Und weil man sie elektrisch verdampft, anstatt einfach flüssig in den SCR Kat einzuspritzen, wie das heute Stand der Technik ist. Dafür funktioniert das System auch in der Stadt bei geringen Abgastemperaturen sehr gut.
Ist das Abgas nämlich zu kalt, nützt auch mehr Addblue nichts. Es würde nur Ammoniak aus dem Auspuff kommen, was noch ungesünder ist.
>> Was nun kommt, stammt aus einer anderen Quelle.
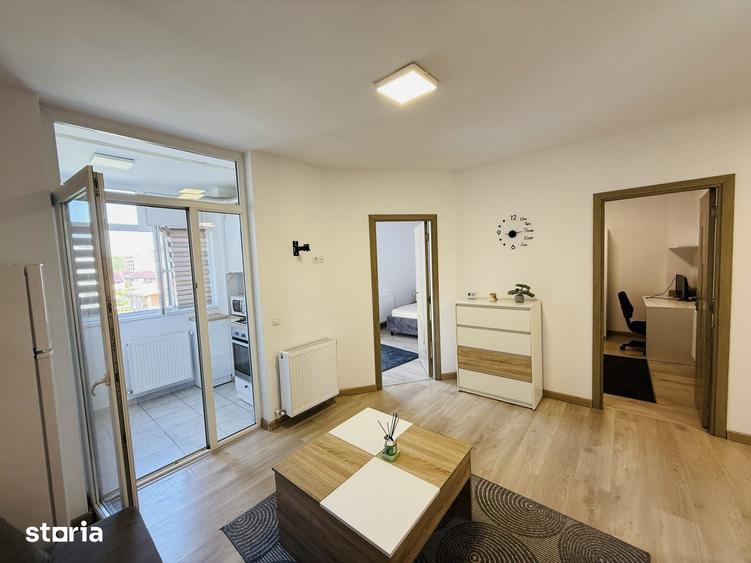Apartament cu 3 camere semidecomandat, mobilat în Florești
Die Aussage, es sei softwareseitig möglich, ähnlich gute Werte zu erreichen, ist ein Witz. Das geht auf Kosten der Bauteile. Anders ist es technisch nicht machbar. Leider ist das der billigste Weg, zumindetst für die Hersteller. Da können Sie großzügig Nachrüstungen anbieten. Kostet ja effektiv nichts. Dass der Kunde Folgekosten hat, geschenkt.
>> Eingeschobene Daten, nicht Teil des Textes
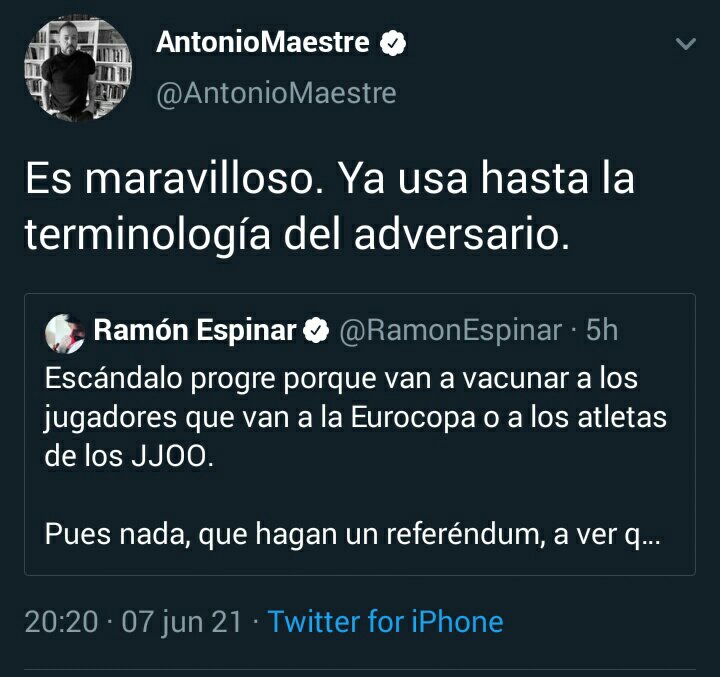 EscritorJCamara's tweet photo. Descubro que Ramón Espinar me tiene bloqueado justo cuando le voy a críticar. 😮 Ironías de la vida... 😂

"Escándalo progre", dice el mongolo... 😒 https://t.co/1Tr9ouGRLn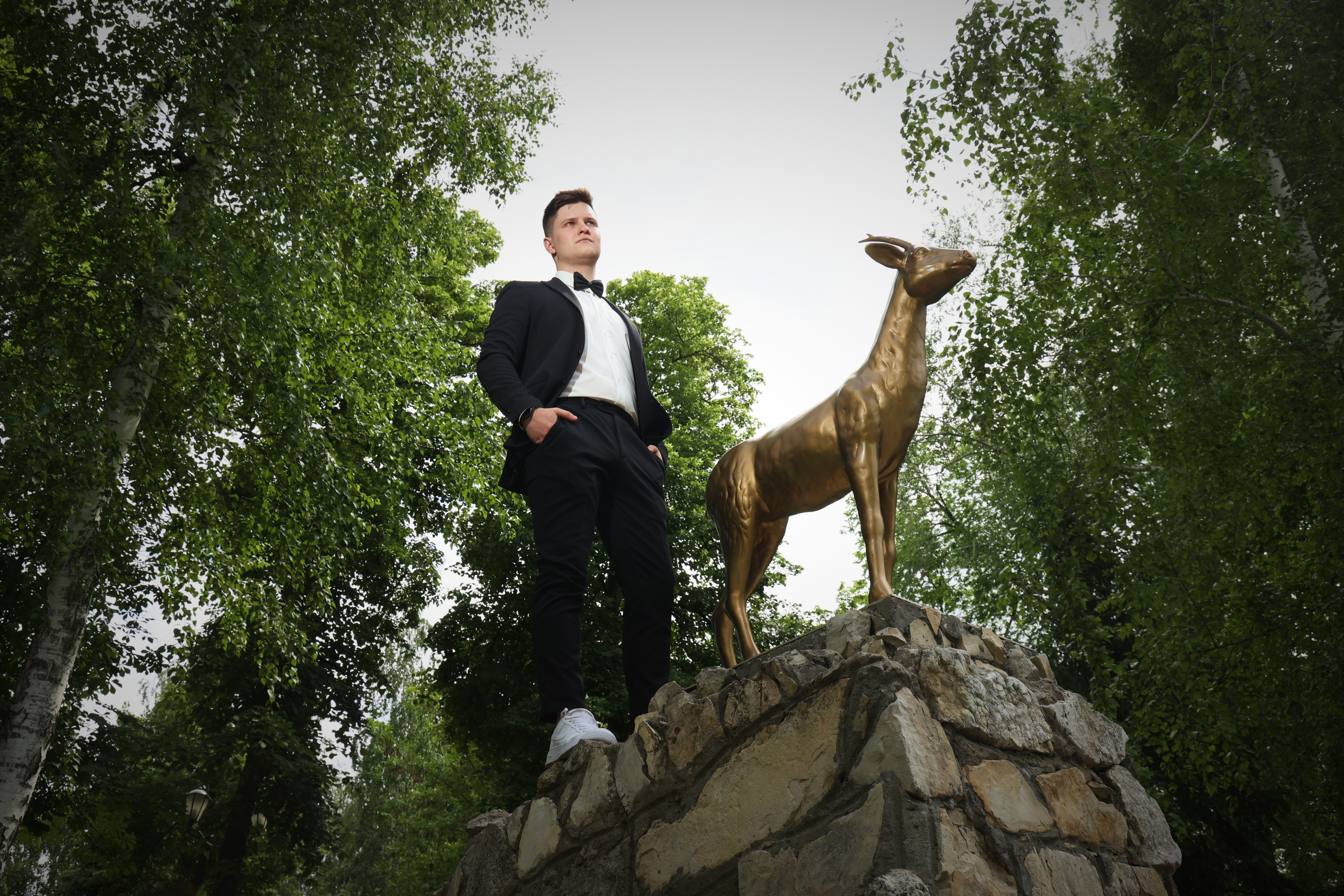 фотография жениха в Струковском парке Самары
Das da VW Teile verbaut werden kann schon nichts taugen 😆
Nicht nur für den ADAC 😆
Neben den Umrüstkosten kommen ja noch zusätzlicher Spritverbrauch,
Steuer sollte auch höher werden, wird ja schließlich nach CO2 Ausstoß berechnet,
win-win für alle außer den Autofahrer, der hat eine Triple "lose-lose Situation" 😆
Okay auch in Sachen Erderwärmung ist es eine "lose-lose Situation".
Warten wir mal ab, wann die "nächste Sau durchs Dorf" gejagt wird.
Naja, leider halt nicht serienreif, was leider sehr hohe Entwicklungskosten/-Kapazitäten verschlingt; Dazu das System dann ja im Focus steht und 100%ig = 4 Jahreszeiten - über mehrere Jahre; von 0-2000 Höhenmeter; etc.... ..... funktionieren muss und dazu alle 2 Jahre geprüft wird ;-)
1500 plus Einbau, sind wir am Ende bei 2000-2500 und bis das serienreif ist, lohnt es sich nicht mehr, weil die Karre drumrum dann ein Fall für den Exporteur ist.